Donwill: She like the whole thing. You know moms, “I like it all. It’s so good. I’m so proud!” I know she don’t like “Pussy Rules The World.” She’s like, “There’s this one song I don’t like…” But again if she could understand what I’m talking about in the song, she would like it. It’s talking about controlling those urges.

OKP: Aight.

Donwill: You’re not gonna trip me up.

OKP: Yeah, yeah, yeah.

Donwill: This cat is like, “So who’s the girl that you was messing with last night? Who’s the girl you smashed at the show, dissed, and left?”

OKP: (Laughs) Gotta ask those tough questions. If you could get at one female—what’s wrong?

Donwill: I’m laughing because these questions are wild.

donwill_intv_tanyamorgan.jpgOKP: (Laughs) If you could get at one female musician, who would it be?

Donwill: Janelle Monae.

OKP: She’s pretty crazy on stage. Have you met her before?
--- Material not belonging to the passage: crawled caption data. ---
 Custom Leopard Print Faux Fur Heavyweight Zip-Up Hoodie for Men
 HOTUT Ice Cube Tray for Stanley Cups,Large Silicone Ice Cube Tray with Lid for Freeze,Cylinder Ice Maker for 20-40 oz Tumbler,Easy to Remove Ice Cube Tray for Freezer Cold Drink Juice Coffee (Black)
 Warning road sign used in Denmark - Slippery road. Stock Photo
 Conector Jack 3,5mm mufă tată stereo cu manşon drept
Donwill: I met her on South by Southwest two years ago and I was like, “Oh shit there goes Janelle Monae. Give me a CD, Imma go walk up to her.” I was like, “Yo what’s up. My name is Don, I’m in a group called Tanya Morgan.” She was like, “I heard of y’all.” I was like, “God, yes!” I gave her a CD and there was a pole behind me and I was like, “It was nice meeting you. Can we take a picture?” I tried to fade away cool and then blao! hit the pole and shit. It was funny because Von [Pea] and Ilyas and them just stood and laughed like this dude just turned into an all out geek real quick over Janelle Monae.
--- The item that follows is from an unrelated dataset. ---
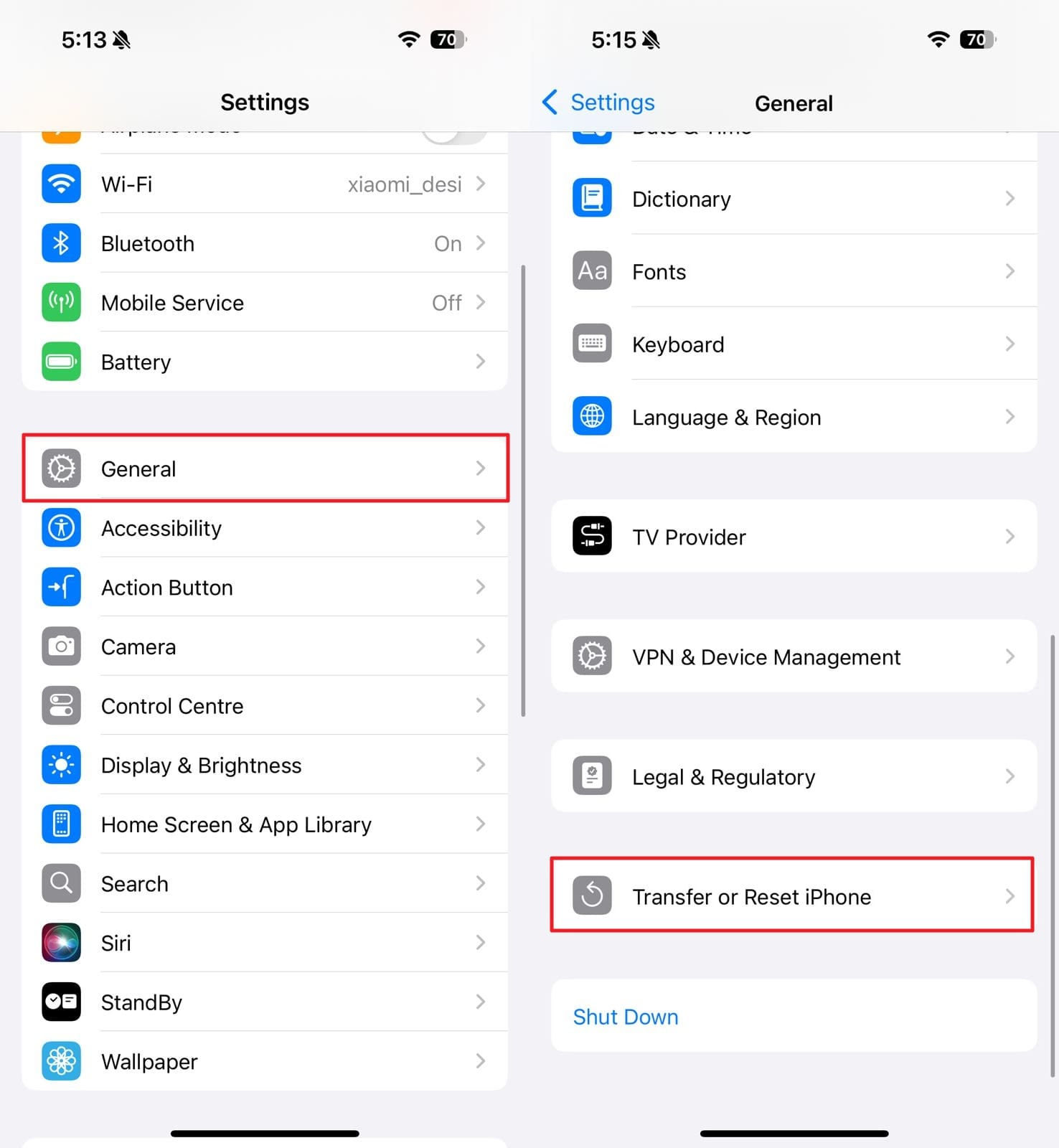 iPhoneオプションをタップまたはリセットします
OKP: Besides Janelle Monae any more?

Donwill: Keri Hilson is kinda fine in a weird way. I like strange looking chicks. I don’t like normal looking chicks. I don’t like classically gorgeous women. Keri Hilson has the look. I’m actually still a Brandy fan.

OKP: Oh wow.

Donwill: I was a Monica fan, but her TV show is too boring. Anybody with a life that boring is hiding something. Oh—Chili is looking for a man…Chili is looking for love…she don’t really do music no more do she?
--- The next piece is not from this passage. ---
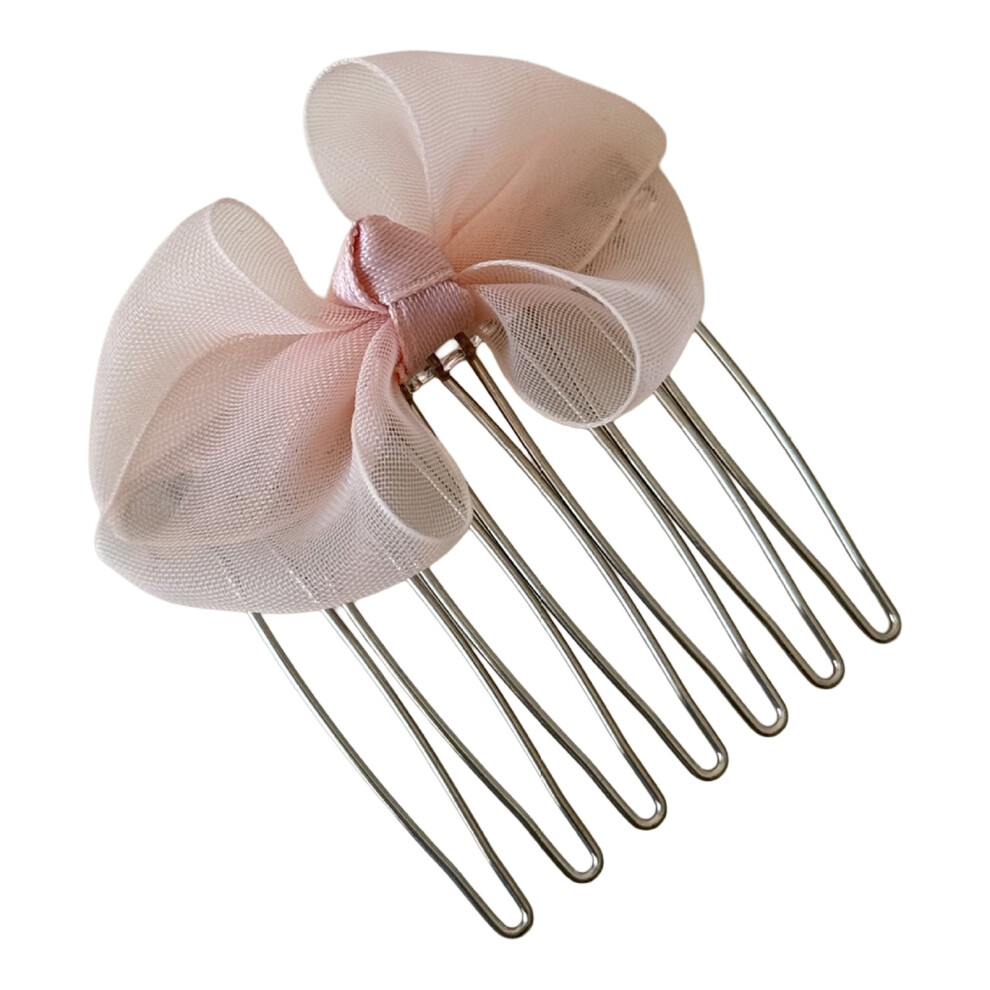 Hue-Grain (Pink Bow Hairpin) Lightweight Black Mesh Bow Hair Clip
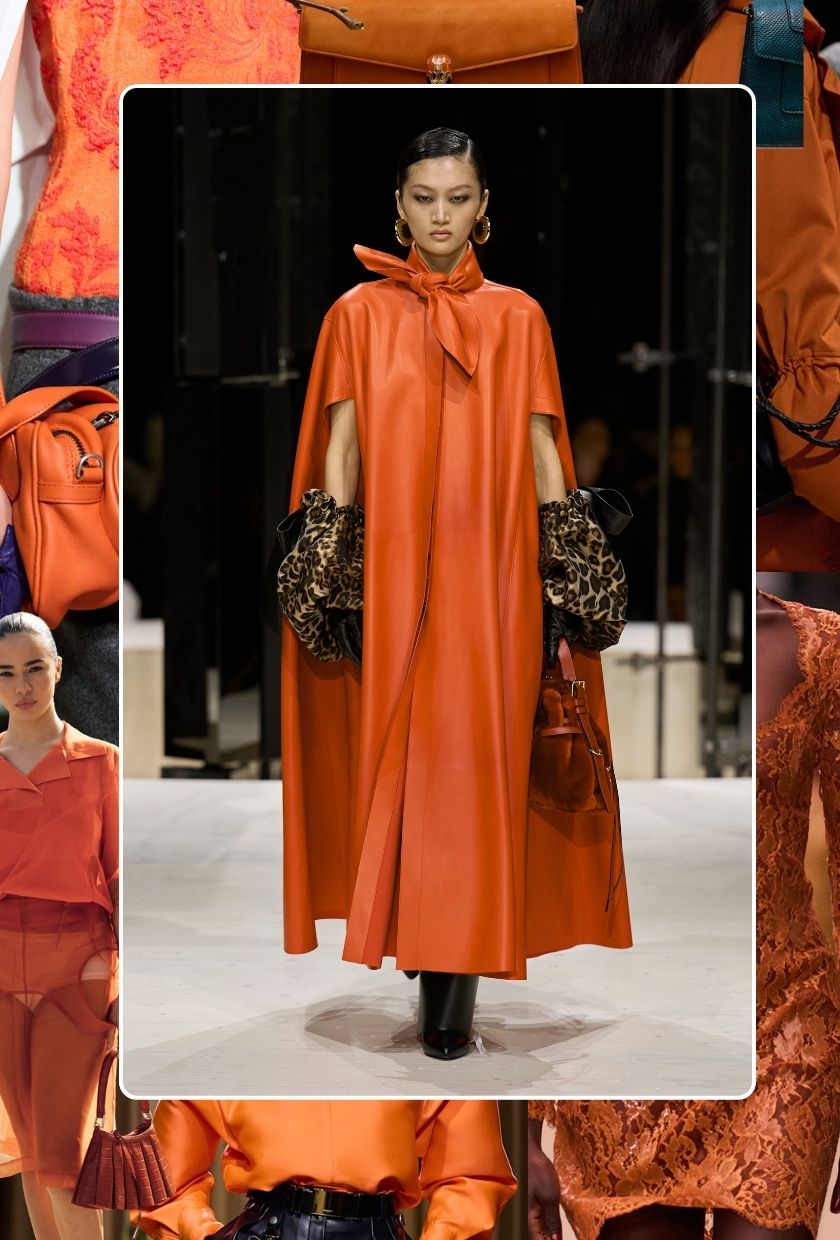 Jewel tone fashion trend 2026: orange runway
OKP: I don’t think so. I haven’t heard from her in a minute.

Donwill: Chili is looking for love. Chili just be on TV lonely that’s her topic now. I fuck with Chili.

OKP: What’s the silliest thing you or Tanya Morgan has done to sell records?

Donwill: That might be why we don’t get Lady Gaga sales. Like honestly it might sound corny, but we still believe that the music will shine through. To even aid that, we’re quirky. We got a quirky name. We like to do in-depth promo shit, but at the end of the day, we’re not really there for the people that want that one hit song. We ain’t got it. We got an album full of great shit. If you want that one hit song, by all means, look at that iTunes top ten best-selling singles list, but if you want ten great songs, that’s the album we got. Especially in 2010 when labels is folding and you ain’t really making money off records. So as an artist, you can’t really expect to make money off selling record sales unless you burn them on your computer and sell them. After you pay for the artwork, the publicist, pressing, everything, production, mastering, mixing, after you pay for all that shit, what are you making money off of when you selling CDs? It might sound weird but I’m not really tripping off of selling records. I would love it, but I’m not tripping.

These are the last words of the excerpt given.